The State argues that Satterwhite and Woods are distinguishable because, in
those cases, the offenses giving rise to the citizen’s arrest—assaults—were
completed before the citizen’s arrest occurred, while here, the robbery was ongoing
during the period in which appellant was fleeing the scene. We agree with the
State.
Appellant was charged with aggravated robbery. The elements of aggravated
robbery are (1) a person; (2) in the course of committing theft; (3) with intent to
obtain or maintain control of property; (4) intentionally or knowingly; (5) threatens
another with, or places another in fear of; (6) imminent bodily injury or death; and
(7) uses or exhibits; (8) a deadly weapon. TEX. PENAL CODE ANN. § 29.02–.03
(Vernon 2011). “In the course of committing theft” means “conduct that occurs in
an attempt to commit, during the commission, or in immediate flight after the
30
attempt or commission of theft.” TEX. PENAL CODE ANN. § 29.01(1) (Vernon 2011)
(emphasis added); Oggletree v. State, 851 S.W.2d 367, 368–69 (Tex. App.—
Houston [1st Dist.] 1993, pet. ref’d) (holding evidence sufficient to support
robbery conviction when appellant’s attempted theft failed and he later returned to
scene and brandished knife).
Here, the offense for which appellant was arrested included, by statutory
definition, all events occurring “in immediate flight after the attempt or
commission of theft.” As such, the offense was not yet complete at the time of the
citizen’s arrest because appellant was still in the immediate flight after his
attempted theft. As such, the undisputed facts do not raise an issue of whether
appellant was illegally arrested under article 14.01.

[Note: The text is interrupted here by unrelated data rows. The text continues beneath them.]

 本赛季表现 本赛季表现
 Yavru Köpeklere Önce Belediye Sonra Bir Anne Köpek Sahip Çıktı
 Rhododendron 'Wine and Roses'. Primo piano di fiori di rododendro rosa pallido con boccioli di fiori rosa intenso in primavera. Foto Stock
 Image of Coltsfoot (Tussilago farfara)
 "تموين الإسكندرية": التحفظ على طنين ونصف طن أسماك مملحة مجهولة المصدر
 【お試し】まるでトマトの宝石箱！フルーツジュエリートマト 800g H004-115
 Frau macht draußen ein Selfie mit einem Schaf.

B. Citizen’s Arrest under Article 18.16
Appellant also argues that “the State cannot rely upon Tex. Code Crim. Proc.
§ 18.16 to justify the pursuit of Appellant for the sole purpose of ensuring that Appellant
stood trial.” Appellant’s position is the same as in the previous section—because he had
abandoned the stolen goods, the citizens no longer had any right to pursue and arrest him.

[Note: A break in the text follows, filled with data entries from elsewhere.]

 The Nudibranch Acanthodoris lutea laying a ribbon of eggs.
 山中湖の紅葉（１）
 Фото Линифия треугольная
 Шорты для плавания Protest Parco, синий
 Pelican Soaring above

We disagree. In Simpson v. State, a store security guard in a grocery store saw the
defendant pick up a piece of meat and stuff it in her girdle. 815 S.W.2d 900, 901 (Tex.

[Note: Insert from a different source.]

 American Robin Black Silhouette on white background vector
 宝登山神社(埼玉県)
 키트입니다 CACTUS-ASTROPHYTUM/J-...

App.—Fort Worth 1991, no pet.) When the security guard identified himself, the
defendant started running and fighting. Id. Another store employee grabbed the
defendant’s arm, and during the struggle the meat fell out of her girdle onto the floor. Id.
31
The defendant then just sat down in the doorway, kicking and screaming. Id. The
security guard then subdued her until police arrived. Id. On appeal, citing Satterwhite,
the defendant contended that the security guard had no right to detain her once she
relinquished the meat. Id. at 902. The court of appeal distinguished Satterwhite, holding
that, because the charged case involved a theft, the security guard had the authority to
arrest the defendant pursuant to article 18.16. Similarly, in Knight v. State, No. 14-10-
00408, 2011 WL 3760827 (Tex. App.—Houston [14th Dist.] 2001, pet. ref’d), the court
of appeals held that a security guard had the authority to detain a suspected shoplifter
pursuant to article 18.16, even though the shoplifter had abandoned the shopping cart full
of merchandise. Id. at *3.
Thus, like the courts in Simpson and Knight, we conclude that there is no fact issue
regarding whether appellant was illegally arrested under article 18.16 simply because he
abandoned the stolen beer.
There being no fact issue regarding the legality of the citizen’s arrest under either
article 14.01 or article 18.16, the trial court did not err by refusing to include appellant’s
requested instructions in the charge. Accordingly, we overrule point of error five.
32
CONCLUSION
We affirm the trial court’s judgment.
Sherry Radack
Chief Justice
Panel consists of Chief Justice Radack and Justices Bland and Huddle.
Do not publish. TEX. R. APP. P. 47.2(b).